** DATASET RECORDS follows **

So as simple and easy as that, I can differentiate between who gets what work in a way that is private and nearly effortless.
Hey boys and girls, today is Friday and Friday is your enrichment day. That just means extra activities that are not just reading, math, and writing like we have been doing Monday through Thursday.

** End of DATASET RECORDS **
** DATASET RECORDS follows **

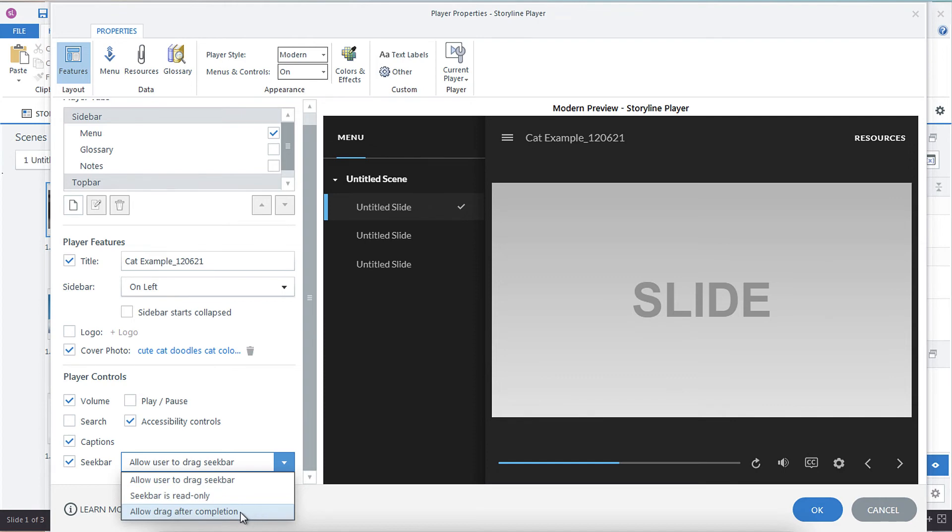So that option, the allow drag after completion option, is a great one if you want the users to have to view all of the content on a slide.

** End of DATASET RECORDS **

ACTIVITY:
Restate word for word the entries above from the line with "So as simple" through the line with "Hey boys and", inclusive, leaving out everything else.

ANSWER TO THIS EXERCISE:
So as simple and easy as that, I can differentiate between who gets what work in a way that is private and nearly effortless.
Hey boys and girls, today is Friday and Friday is your enrichment day. That just means extra activities that are not just reading, math, and writing like we have been doing Monday through Thursday.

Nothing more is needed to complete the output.